Not since Jean Drapeau has a Montreal mayor so dominated civic life. Denis Coderre is everywhere, all the time. He's like his own cable news network. He's always on, talking at you, telling you why he's right, everyone else is wrong and if you don't like it, you can take a hike.

If loving one's job was the sole criterion for getting to keep it, then Montreal's 44th mayor would deserve to be re-elected in a landslide on Nov. 5. But Mr. Coderre, who ended up in municipal politics mainly because his federal prospects dimmed so significantly when Justin Trudeau took over the Liberal Party of Canada, seems to love his current job just a bit too much for comfort.

It's like he's on the power trip he's dreamed of all his life, throwing his weight around like he owns the place. If Denis – and everyone calls him Denis – thinks there's political mileage to be squeezed out of taking on Canada Post, there is no rule of decorum or law that is going to stop him. We learned that when the mayor took a jackhammer to the concrete slab that was to serve as the base for a super mailbox and proceeded to pound it into smithereens.

If the mayor thinks he can boost his green credentials by having the city host an electric-car race, then nothing is going to stop him from opening the municipal spigots and fencing off entire kilometres of downtown Montreal for nearly a month in midsummer without consulting the residents, businesses or commuters inconvenienced by this electric headache. Some residents did get free tickets to the race – not because they wanted them, but because the mayor needed to fill the stands. Montrealers learned last week that a full accounting of how much July's Formula E race ended up costing taxpayers won't be available before election day. That's Denis.

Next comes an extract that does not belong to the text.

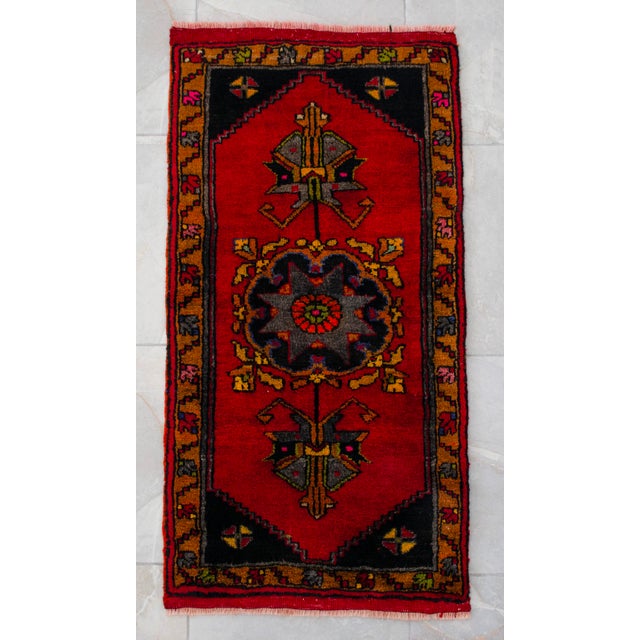 1960s Hand Knotted Small Turkish Rug. Organic Wool 1960's Entryway Decor DoorMat, Accent Rug - 21'' X 42'' For Sale - Image 5 of 12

When La Presse reveals that the greener-than-thou mayor owns two gas-guzzling SUVs, Mr. Coderre complains of journalists crossing the line into his personal life. When a police officer tries to guide a glad-handing mayor out of the security corridor he's blocking at a crowded public festival, he tells the officer to keep her hands to herself and snaps: "You work for me!" When the mayor wonders how a La Presse journalist got wind of a traffic ticket he had received several years earlier, Mr. Mayor simply calls up the chief of police to ask.

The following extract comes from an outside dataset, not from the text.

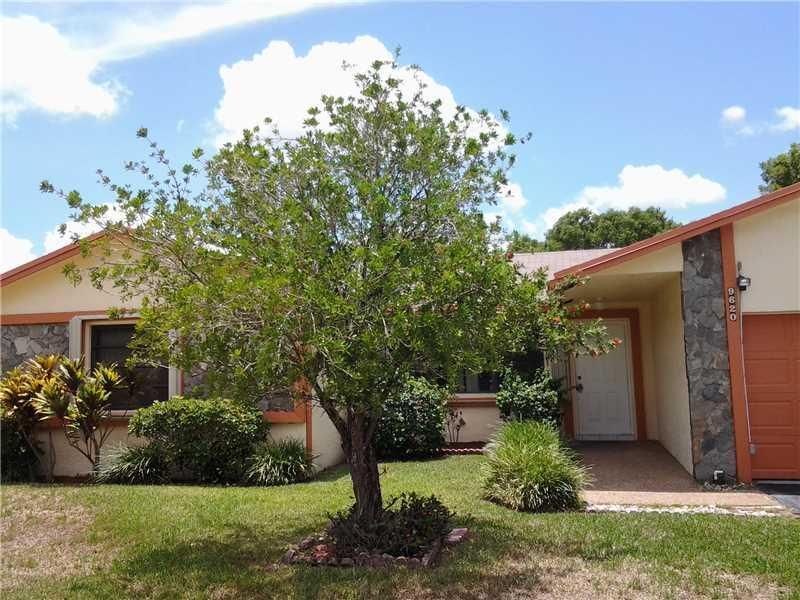 9620 NW 42nd Ct in Sunrise, FL - Foto de edificio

At least Montrealers have been spared the endless corruption scandals that erupted under Mr. Coderre's immediate predecessors. The current mayor deserves somewhere between zero and some credit for that. The scrutiny of a long public inquiry and police investigation – which yielded eight more arrests just last week – seems to have made municipal politics a no-go zone for crooked politicians, at least for now.

City Hall has run fairly smoothly, by Montreal standards, under Mr. Coderre. But executive committee chair Pierre Desrochers, not the mayor, has been mainly responsible for budgetary and operational matters in the Coderre administration. He's not running for re-election, so Mr. Coderre will need to find a new manager at least as competent to oversee day-to-day operations. The mayor prefers to be out and about the people rather than making the numbers work.

The municipal election campaign that got under way on Friday promises to be a snoozer, unlike in 2013, when a wide-open race made for an unpredictable outcome. Mr. Coderre has been working every seniors residence, folk dance festival and bridge club ever since, so he begins this campaign with a Denis-sized advantage over his lesser-known rivals.

Mr. Coderre is a political giant next to Valérie Plante, the earnest leader of the environmentalist Projet Montréal party, and Jean Fortier, a bland former executive committee chair who is running under the Coalition Montréal banner. Neither pretender to the mayor's job has anywhere near Mr. Coderre's name recognition, skills as a retail politician or sheer will to win.

At this point, the question is not whether Mr. Coderre will win but by how much. His Équipe Denis Coderre party is aiming for two-thirds of the 65 seats on city council, which would enable Mr. Coderre to centralize power like no mayor since, well, Jean Drapeau.

It was the latter who said the 1976 Olympics could no more run a deficit than a man could have a baby. So, maybe there is some hope for Ms. Plante or Mr. Fortier.